После окончания моего доклада вновь наступила длительная пауза. Сталин, подойдя к своему рабочему столу и повернувшись к нам, произнёс:

— Дезинформация! Можете быть свободны.

Мы ушли встревоженные...»[306]

Из рассказа Павла Михайловича можно понять, что сначала Фитин доложил о работе 1 -го управления или об обстановке в целом — точно не скажешь — и только потом обратился к представленному сообщению. Чувствуется также, что Сталин не проявлял к докладу разведчика особенного интереса, мысли его были заняты чем-то другим. Оно и неудивительно: человек мудрый и коварный, Сталин не мог не понимать, что сейчас его «миролюбивая политика» терпит крах, война неминуема и она должна начаться очень и очень скоро. Представленные материалы были всего лишь очередным тому подтверждением...

Если же верить профессору Байдакову, то весь разговор был сосредоточен на одном только полученном из Берлина сообщении. Мелковато как-то получается!

И ещё, небольшое уточнение.

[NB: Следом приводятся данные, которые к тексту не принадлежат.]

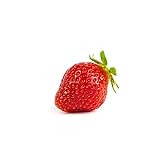 Erdbeerpflanzen / Erdbeerstecklinge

Как говорили нам некоторые люди, лично общавшиеся со Сталиным, Иосиф Виссарионович имел обыкновение называть своих собеседников по фамилиям — к примеру, Николай Константинович Байбаков, тогдашний нарком нефтяной промышленности СССР, рассказывал, что Сталин называл его «товарищ Байбаков»... Не знаем, делал ли Иосиф Виссарионович исключение для товарища Фитина, именуя его «начальником разведки»? А как же он называл начальника Разведупра Генштаба РККА генерал-лейтенанта Филиппа Ивановича Голикова, который не раз бывал у него на докладе? «Начальником военной разведки»?

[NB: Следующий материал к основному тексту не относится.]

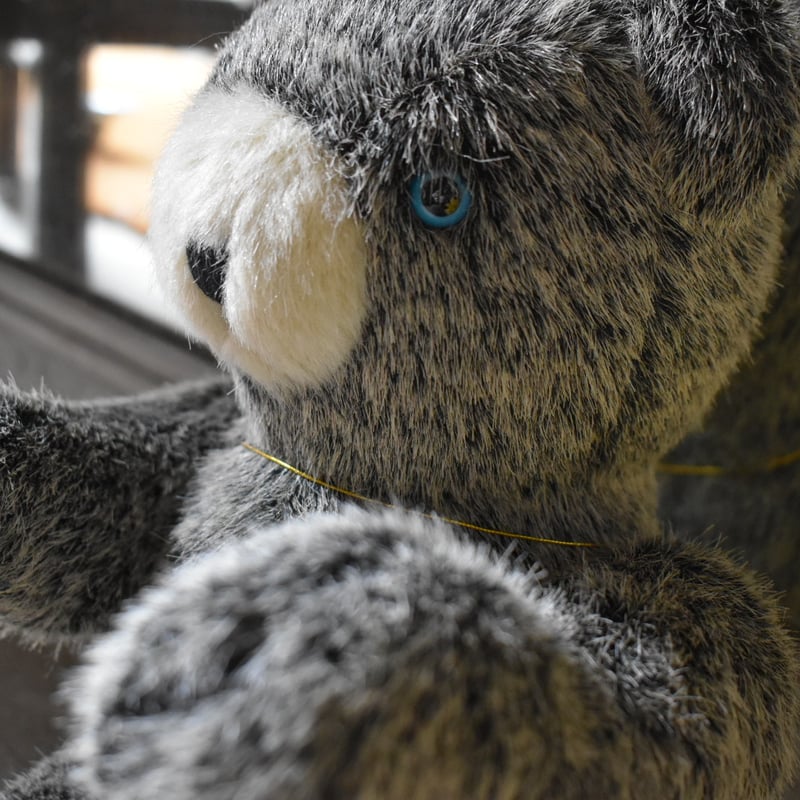 puppe くまのぬいぐるみ 大 | pivoine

А неужели несгибаемый лидер немецких коммунистов Эрнст Тельман, брошенный Гитлером в концлагерь после поджога рейхстага в 1933 году, больше не пользовался доверием Сталина? Почему же он не вспомнил и Тельмана, как немца, которому можно верить? Или списал его со счетов?

Есть, как мы сказали, и третий вариант, записанный, опять-таки, со слов Павла Михайловича, но почти по горячим следам. Елисей Синицын, вернувшийся после начала войны из Хельсинки в Москву — возращение было долгим, через Германию, Болгарию, Югославию и Турцию, — при первой же встрече со своим другом спросил, почему не была реализована информация «Монаха». Тогда Павел Фитин и рассказал ему о своём визите к Сталину, и этот рассказ вошёл в воспоминания Синицына:

«— 17 июня нарком Меркулов рано утром позвонил мне и предложил срочно подготовить все материалы, полученные от резидентур о подготовке немцев к войне против нас, для личного доклада Сталину в тот же день. Воспользовавшись предстоящей встречей, — продолжал Фитин, — я собрал все шифровки последних дней, в том числе и сообщение от “Монаха” от 11 июня о нападении на нас немцев, чтобы лично доложить Сталину и рассказать об источниках, если потребуется.

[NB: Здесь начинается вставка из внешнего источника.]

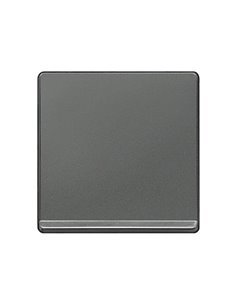 Tecla simple cromada carbono metalizado Siemens Delta Miro 5TG6270-5CC00 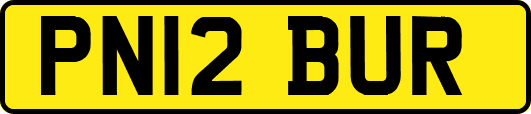 PN12BUR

...Ровно в 12 дня вошли в кабинет, где Сталин, покуривая трубку, медленно прохаживался. Заметив их, он обратился прямо к Фитину и предложил докладывать только суть информации — кто источники и их надёжность с точки зрения преданности Советскому Союзу. Сначала Фитин коротко пересказал содержание материалов, полученных из Берлина от моего коллеги накануне вечером, подробно рассказал об источниках его информации, затем почти текстуально изложил телеграмму из Хельсинки от 11 июня, в которой сообщалось о предстоящем нападении немцев и финнов на Советский Союз 22 июня...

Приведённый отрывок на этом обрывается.